On the big screen, Avatar takes you to planet Pandora. On the home screen, Avatar takes you to planet Hokum. Because a big screen is immersive and no matter how large, your home screen is just another appliance in a room full of them, ordinarily I never would recommend that you see a movie for the first time at home or (heaven forbid!) on laptop.We look up to the theater screen, down on our laptops or desktops. That tilt of the neck suggests the relative importance with which we hold the two kinds of screens.

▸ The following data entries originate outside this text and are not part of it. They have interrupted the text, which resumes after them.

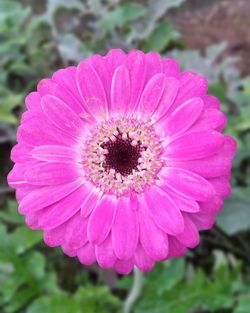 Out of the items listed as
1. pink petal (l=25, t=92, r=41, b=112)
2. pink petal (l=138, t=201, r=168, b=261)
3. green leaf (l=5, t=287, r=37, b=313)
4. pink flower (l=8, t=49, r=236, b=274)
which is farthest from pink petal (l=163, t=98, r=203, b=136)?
green leaf (l=5, t=287, r=37, b=313)

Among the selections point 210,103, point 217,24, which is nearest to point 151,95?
point 210,103

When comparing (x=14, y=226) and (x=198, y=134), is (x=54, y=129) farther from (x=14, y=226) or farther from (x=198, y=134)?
(x=14, y=226)

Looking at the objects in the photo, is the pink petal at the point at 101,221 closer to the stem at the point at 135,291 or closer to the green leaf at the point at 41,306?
the stem at the point at 135,291

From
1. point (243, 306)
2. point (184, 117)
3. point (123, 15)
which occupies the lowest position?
point (243, 306)

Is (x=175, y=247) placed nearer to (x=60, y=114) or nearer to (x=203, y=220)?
(x=203, y=220)

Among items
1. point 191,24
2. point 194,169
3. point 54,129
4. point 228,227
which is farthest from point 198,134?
point 191,24

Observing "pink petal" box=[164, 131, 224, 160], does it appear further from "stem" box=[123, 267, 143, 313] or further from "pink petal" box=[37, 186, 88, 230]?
"stem" box=[123, 267, 143, 313] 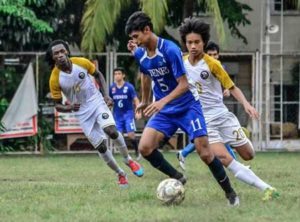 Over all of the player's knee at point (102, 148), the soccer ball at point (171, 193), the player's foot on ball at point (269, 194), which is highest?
the player's knee at point (102, 148)

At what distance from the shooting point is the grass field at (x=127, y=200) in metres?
7.48

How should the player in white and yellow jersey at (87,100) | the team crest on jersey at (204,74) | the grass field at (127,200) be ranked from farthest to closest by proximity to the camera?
the player in white and yellow jersey at (87,100) < the team crest on jersey at (204,74) < the grass field at (127,200)

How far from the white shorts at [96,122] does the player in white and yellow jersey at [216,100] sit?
6.29 ft

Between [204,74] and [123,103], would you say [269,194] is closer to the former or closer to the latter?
[204,74]

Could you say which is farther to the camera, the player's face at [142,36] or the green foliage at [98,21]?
the green foliage at [98,21]

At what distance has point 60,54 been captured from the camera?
1046 cm

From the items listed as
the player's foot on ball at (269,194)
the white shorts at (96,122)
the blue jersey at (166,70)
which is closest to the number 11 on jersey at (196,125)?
the blue jersey at (166,70)

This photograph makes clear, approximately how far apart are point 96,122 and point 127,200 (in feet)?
7.68

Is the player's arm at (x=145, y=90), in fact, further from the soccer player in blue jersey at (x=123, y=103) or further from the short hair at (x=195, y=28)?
the soccer player in blue jersey at (x=123, y=103)

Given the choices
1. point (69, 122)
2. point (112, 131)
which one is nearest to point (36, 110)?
point (69, 122)

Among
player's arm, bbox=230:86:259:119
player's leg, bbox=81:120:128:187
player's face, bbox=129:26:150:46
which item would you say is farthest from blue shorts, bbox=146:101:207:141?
player's leg, bbox=81:120:128:187

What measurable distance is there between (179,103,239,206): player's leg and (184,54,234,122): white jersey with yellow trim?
23.0 inches

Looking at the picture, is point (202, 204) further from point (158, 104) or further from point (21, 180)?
point (21, 180)

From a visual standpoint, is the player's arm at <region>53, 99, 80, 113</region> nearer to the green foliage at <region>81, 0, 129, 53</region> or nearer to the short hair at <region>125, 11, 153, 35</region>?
the short hair at <region>125, 11, 153, 35</region> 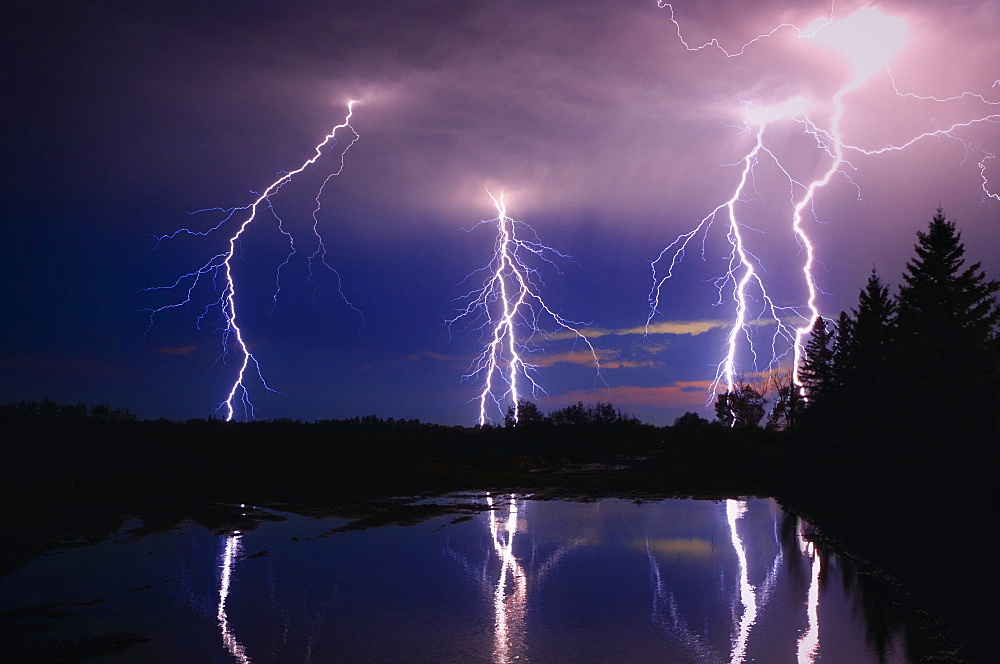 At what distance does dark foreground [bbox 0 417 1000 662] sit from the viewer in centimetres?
966

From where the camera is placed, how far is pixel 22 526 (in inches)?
553

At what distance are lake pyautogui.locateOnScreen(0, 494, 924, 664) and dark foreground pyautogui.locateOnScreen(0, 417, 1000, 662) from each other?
0.55m

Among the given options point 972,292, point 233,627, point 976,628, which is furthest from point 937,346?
point 233,627

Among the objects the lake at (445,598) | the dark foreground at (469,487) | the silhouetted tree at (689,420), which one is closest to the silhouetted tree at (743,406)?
the silhouetted tree at (689,420)

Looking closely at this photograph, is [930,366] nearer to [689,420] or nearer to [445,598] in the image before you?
[445,598]

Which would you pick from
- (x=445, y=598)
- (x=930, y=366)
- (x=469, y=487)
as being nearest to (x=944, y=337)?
(x=930, y=366)

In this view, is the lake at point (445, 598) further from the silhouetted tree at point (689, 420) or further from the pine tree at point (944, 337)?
the silhouetted tree at point (689, 420)

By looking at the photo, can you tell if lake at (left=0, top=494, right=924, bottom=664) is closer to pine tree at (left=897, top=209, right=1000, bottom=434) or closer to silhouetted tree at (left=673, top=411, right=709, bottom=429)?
pine tree at (left=897, top=209, right=1000, bottom=434)

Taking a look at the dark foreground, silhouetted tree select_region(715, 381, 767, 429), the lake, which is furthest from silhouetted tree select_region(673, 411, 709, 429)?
the lake

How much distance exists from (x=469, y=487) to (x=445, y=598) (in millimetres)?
17020

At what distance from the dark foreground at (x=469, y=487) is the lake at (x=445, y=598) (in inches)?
21.7

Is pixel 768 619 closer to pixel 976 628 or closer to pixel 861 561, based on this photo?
pixel 976 628

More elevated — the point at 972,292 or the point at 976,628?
the point at 972,292

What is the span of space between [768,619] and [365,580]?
5.29 meters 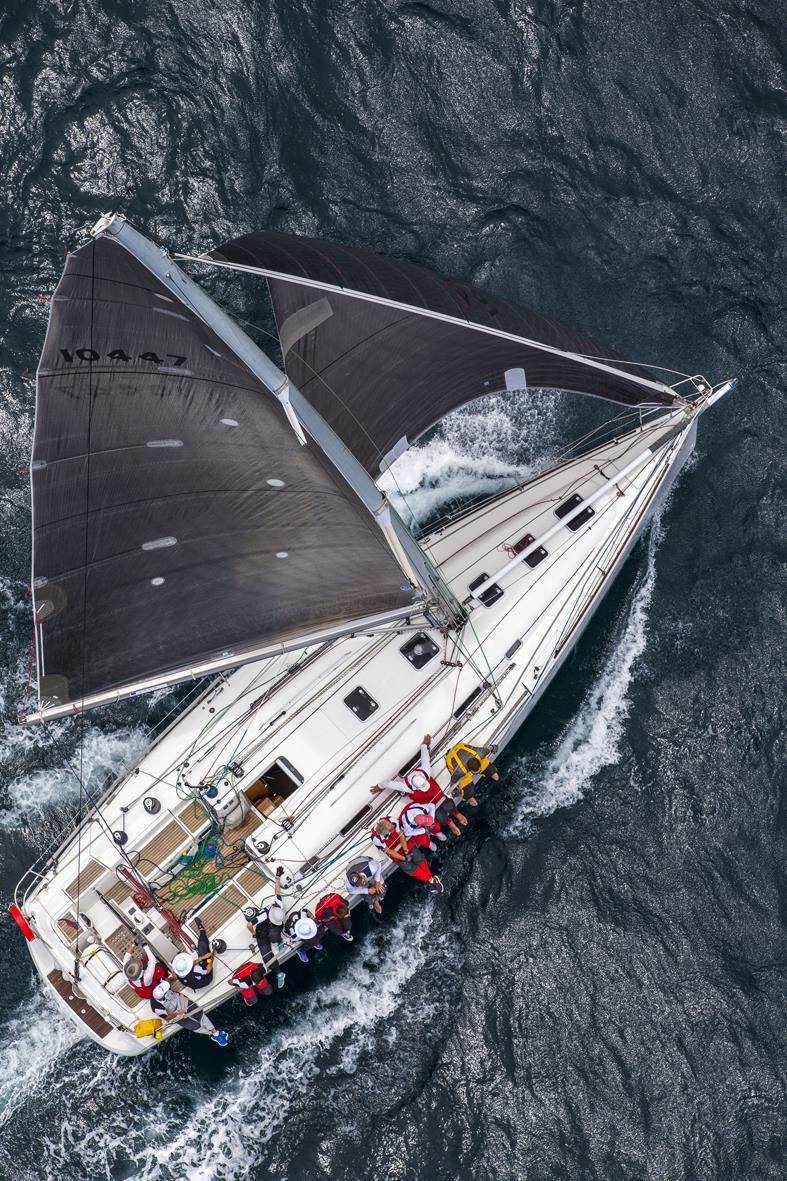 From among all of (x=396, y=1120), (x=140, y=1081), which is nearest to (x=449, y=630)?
(x=396, y=1120)

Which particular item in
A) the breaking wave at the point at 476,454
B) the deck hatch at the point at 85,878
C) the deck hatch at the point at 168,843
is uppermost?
the breaking wave at the point at 476,454

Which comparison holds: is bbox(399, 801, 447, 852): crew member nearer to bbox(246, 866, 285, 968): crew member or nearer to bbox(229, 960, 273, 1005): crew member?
bbox(246, 866, 285, 968): crew member

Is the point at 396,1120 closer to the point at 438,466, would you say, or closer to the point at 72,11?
the point at 438,466

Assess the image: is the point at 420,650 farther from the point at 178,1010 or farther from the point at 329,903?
the point at 178,1010

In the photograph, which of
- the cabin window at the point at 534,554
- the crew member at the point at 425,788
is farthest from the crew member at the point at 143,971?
the cabin window at the point at 534,554


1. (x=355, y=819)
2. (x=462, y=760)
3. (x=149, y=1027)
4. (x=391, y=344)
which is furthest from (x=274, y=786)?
(x=391, y=344)

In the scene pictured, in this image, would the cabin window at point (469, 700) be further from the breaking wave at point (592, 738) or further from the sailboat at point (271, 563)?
the breaking wave at point (592, 738)

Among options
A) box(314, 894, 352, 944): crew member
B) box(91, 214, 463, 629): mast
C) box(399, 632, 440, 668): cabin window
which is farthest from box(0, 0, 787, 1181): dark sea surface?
box(91, 214, 463, 629): mast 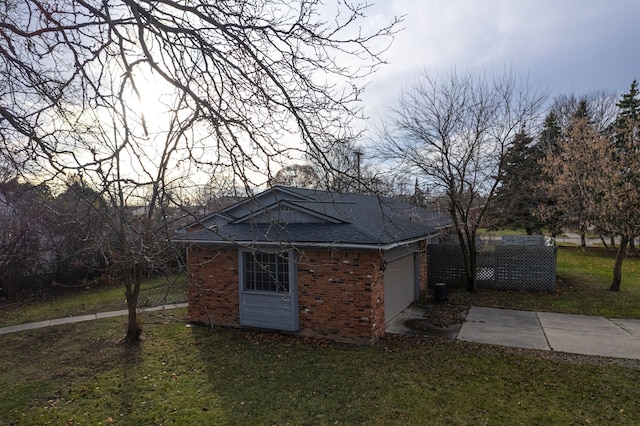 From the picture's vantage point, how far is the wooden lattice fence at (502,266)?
535 inches

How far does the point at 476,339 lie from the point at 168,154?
7856 mm

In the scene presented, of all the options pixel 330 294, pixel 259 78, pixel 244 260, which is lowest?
pixel 330 294

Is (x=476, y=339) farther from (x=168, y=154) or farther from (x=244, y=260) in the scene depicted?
(x=168, y=154)

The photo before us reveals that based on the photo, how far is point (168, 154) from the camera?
10.7ft

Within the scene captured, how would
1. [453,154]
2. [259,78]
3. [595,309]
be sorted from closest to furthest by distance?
[259,78]
[595,309]
[453,154]

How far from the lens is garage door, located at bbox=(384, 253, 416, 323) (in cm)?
1001

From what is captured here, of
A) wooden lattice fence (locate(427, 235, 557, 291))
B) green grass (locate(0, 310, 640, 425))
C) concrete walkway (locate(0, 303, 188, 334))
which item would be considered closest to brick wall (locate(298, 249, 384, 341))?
green grass (locate(0, 310, 640, 425))

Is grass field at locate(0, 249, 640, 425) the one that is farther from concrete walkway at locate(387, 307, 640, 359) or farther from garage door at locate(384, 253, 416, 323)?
garage door at locate(384, 253, 416, 323)

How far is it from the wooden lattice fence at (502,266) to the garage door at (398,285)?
2.71 metres

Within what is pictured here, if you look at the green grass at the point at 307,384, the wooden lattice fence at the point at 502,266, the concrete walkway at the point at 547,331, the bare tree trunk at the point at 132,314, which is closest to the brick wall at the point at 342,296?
the green grass at the point at 307,384

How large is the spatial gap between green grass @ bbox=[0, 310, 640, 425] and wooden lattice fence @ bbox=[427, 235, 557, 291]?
663 centimetres

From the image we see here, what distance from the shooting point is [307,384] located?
6.50 m

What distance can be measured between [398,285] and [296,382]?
516cm

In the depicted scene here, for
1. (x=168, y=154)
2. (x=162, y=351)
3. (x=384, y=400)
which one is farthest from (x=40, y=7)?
(x=162, y=351) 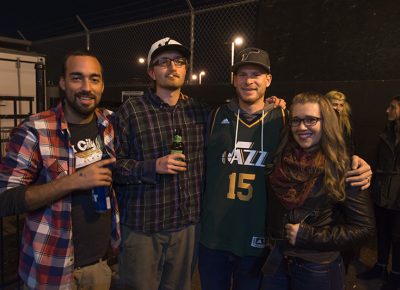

But given the treacherous weather in the northeast and the fact that both Comcast and Verizon Fios are offering Oscar-nominated films such as Inception, The Kids Are All Right and Winter's Bone on their Video On Demand menus, if you need to play Oscar catch-up, this is a most convenient way. (For me, Inception is like Avatar, a movie best seen on a large screen with a great sound system for maximum impact.)
Both Comcast and Verizon are offering other statuette-season specials. Comcast's Oscar Films & More Collection has a number of past Oscar winners including Crash, Ray, Annie Hall and The Wrestler. Verizon's And the Winner Is collection offersa list that includes Amadeus, Philadelphia, Moonstruck and Boys Don't Cry. (Gladiator is a title that overlaps both lists).
Do you play Oscar catch-up? What movies do you need to see? For you, what are the qualititaive differences betrween watching on the big screen and watching at home? Pluses? Minuses? Has it ever happened that watching a familiar movie on the home screen you felt something missing?